- PROBLEM DESCRIPTION
Your job is to give again, exactly and with no additions, the lines in the records below from the one with "3 bed, 2.5 bath, 2309 sqft, $3,800 — Photo 3" through the one with "Horn Lodge Truckee", both included. Omit the pictures.

- EXERCISE MATERIAL
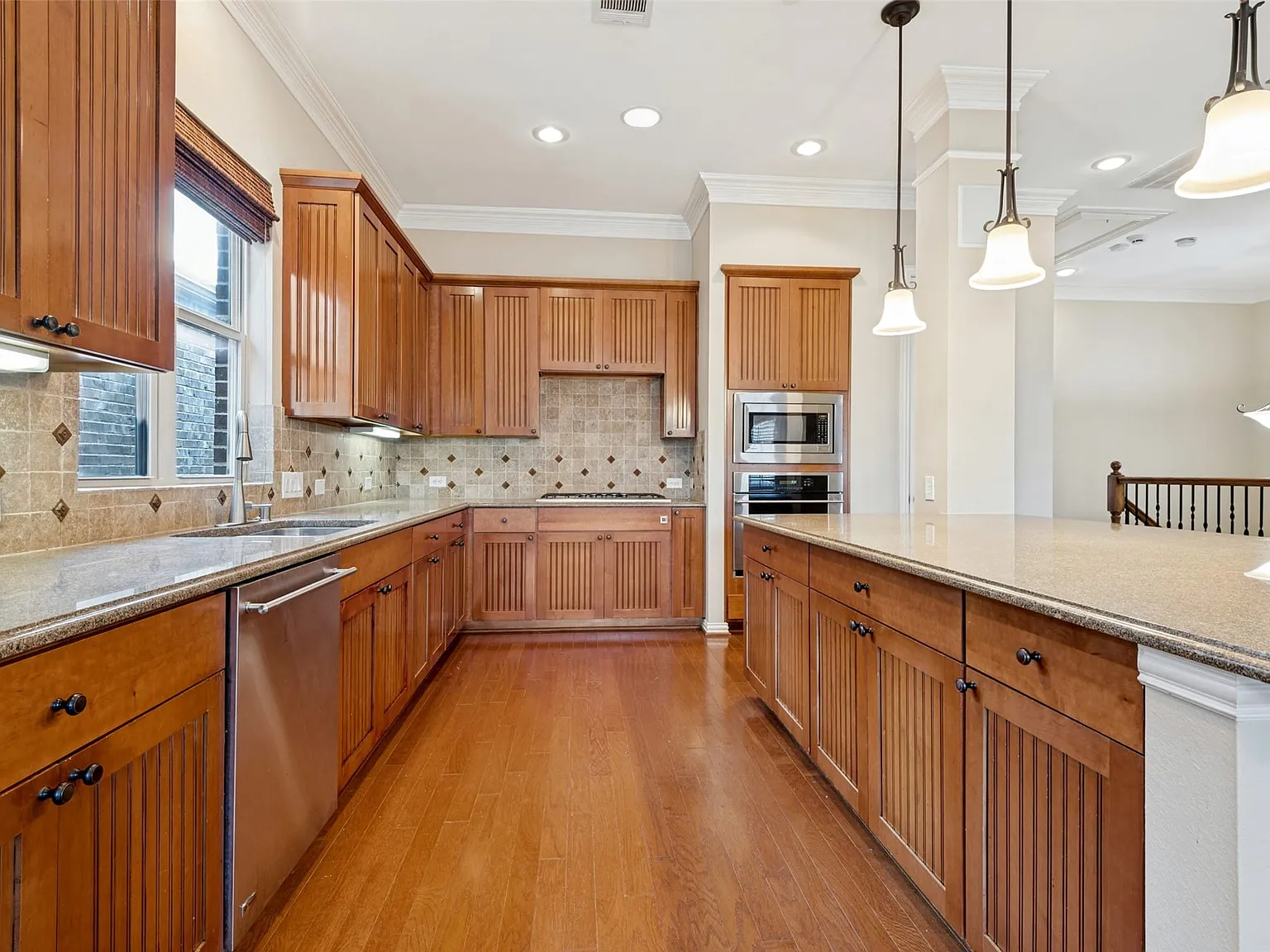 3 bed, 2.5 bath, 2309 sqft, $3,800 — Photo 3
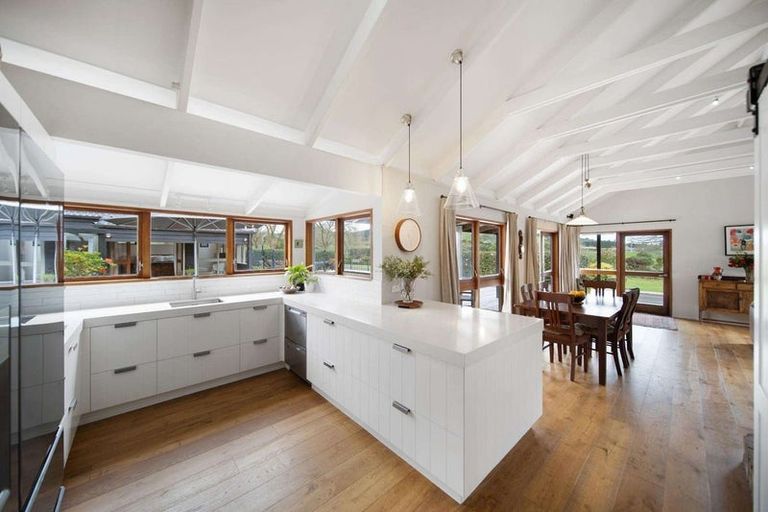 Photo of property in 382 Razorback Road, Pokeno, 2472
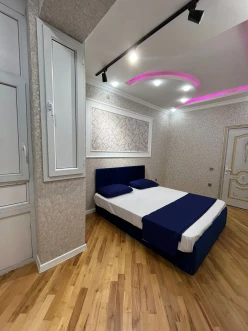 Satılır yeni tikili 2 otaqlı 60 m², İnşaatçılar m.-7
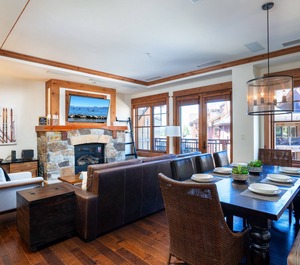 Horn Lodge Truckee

==

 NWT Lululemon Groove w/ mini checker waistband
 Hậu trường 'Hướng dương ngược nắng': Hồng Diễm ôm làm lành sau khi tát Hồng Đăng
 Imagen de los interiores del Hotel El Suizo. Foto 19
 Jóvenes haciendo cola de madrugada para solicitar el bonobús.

--

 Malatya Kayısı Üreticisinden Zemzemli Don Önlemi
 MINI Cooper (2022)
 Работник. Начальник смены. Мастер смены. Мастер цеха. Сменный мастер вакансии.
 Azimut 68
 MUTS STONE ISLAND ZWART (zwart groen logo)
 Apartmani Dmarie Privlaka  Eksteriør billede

- WRITTEN RESPONSE
 3 bed, 2.5 bath, 2309 sqft, $3,800 — Photo 3
 Photo of property in 382 Razorback Road, Pokeno, 2472
 Satılır yeni tikili 2 otaqlı 60 m², İnşaatçılar m.-7
 Horn Lodge Truckee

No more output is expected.